Ve Âhirette Hamd ona mahsustur..

Âhirette de..Hamd ona mahsustur. 43:26 

Bunun 2 şekli var..

Bize göre daha Âhiret gerçekleşmedi..

Zaman çizelgesi olarak söyleniyor..

Âhiret aslında şuan var.. “gayb” olarak..

Cennet yok mu şu an ??

Var..

Ama biz Âhirette göreceğiz..Ama var..

Yaklaştırlıdığı vakit diyor..

Bknz.Aşağıdaki Âyete


81-Tekvir suresi 13. ayet (Genel: 81 – İniş: 7 – Alfbetik: 76)

وَاِذَا الْجَنَّةُ اُزْلِفَتْ

Ve izel cennetu uzlifet.

Ve Cennet yaklaştırıldığı vakit


En azından şundan biliyoruz..

Biz oradaydık Âdemle beraber..

İndirildik..yok mu oldu cennet ? orada var..

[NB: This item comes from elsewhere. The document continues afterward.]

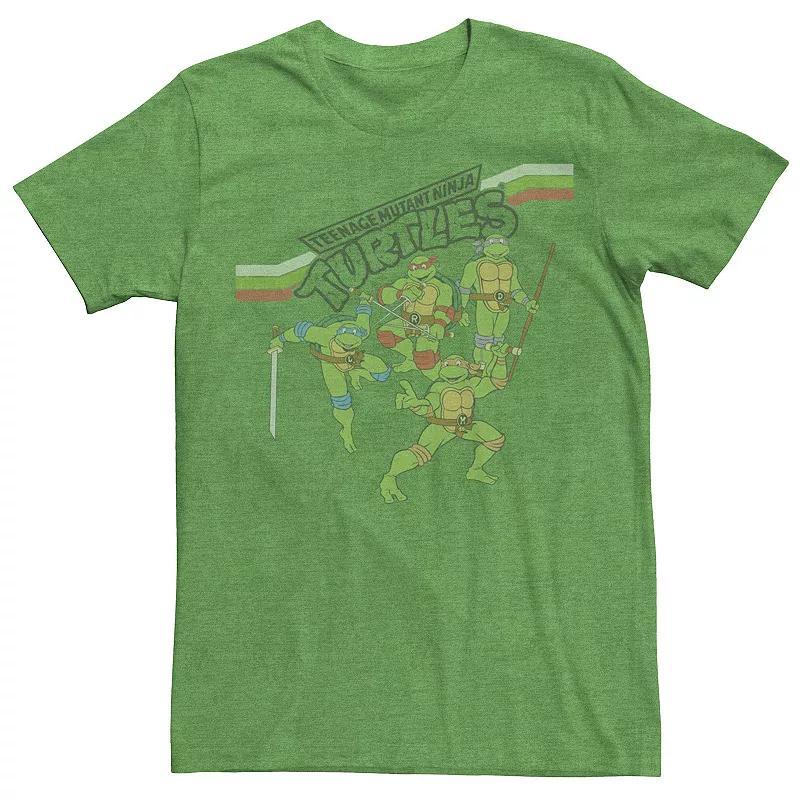 Men's Star Wars Boba Fett Neon Graphic Tee, Size: Large, Blue Product Image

Şuan ki değerlerle de Âhiret var..

Âhireti değerlerle ALLAH’a Hamd etmeliyiz..

Ama burada ki anlamıyla biraz farklı..

Ve diyor ki ;

ve huvel hakîmul habîr(habîru)

O Hikmet sahibidir, O Habîrdir..


Biraz devam edeyim… bununla beraber toplayacağım..


Sebe Sûresi 2. Âyet

يَعْلَمُ مَا يَلِجُ فِي الْأَرْضِ وَمَا يَخْرُجُ مِنْهَا وَمَا يَنزِلُ مِنَ السَّمَاء وَمَا يَعْرُجُ فِيهَا وَهُوَ الرَّحِيمُ الْغَفُورُ

Ya’lemu mâ yelicu fîl ardı ve mâ yahrucu minhâ ve mâ yenzilu mines semâi ve mâ yarucu fîhâ, ve huver rahîmul gafûru

O, yere gireni de, yerden çıkanı da, gökten ineni de, göğe yükseleni de bilir. O çok bağışlayan, çok merhamet edendir.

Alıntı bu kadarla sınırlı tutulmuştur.